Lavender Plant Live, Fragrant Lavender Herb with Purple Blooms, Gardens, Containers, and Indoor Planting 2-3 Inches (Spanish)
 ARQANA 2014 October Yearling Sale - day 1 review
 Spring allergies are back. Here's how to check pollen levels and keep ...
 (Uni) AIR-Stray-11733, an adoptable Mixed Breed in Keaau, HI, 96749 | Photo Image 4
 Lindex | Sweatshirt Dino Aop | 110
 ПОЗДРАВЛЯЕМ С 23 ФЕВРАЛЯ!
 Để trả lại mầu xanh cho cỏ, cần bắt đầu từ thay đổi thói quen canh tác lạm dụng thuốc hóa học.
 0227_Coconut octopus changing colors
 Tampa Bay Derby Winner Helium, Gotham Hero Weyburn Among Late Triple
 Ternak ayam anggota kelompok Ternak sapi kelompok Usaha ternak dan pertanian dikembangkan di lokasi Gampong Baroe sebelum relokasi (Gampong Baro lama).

> Problem details
In the records above, find the line containing "Spring allergies are" and restate word for word every line from the first through that one.

> Expected output
Lavender Plant Live, Fragrant Lavender Herb with Purple Blooms, Gardens, Containers, and Indoor Planting 2-3 Inches (Spanish)
 ARQANA 2014 October Yearling Sale - day 1 review
 Spring allergies are back. Here's how to check pollen levels and keep ...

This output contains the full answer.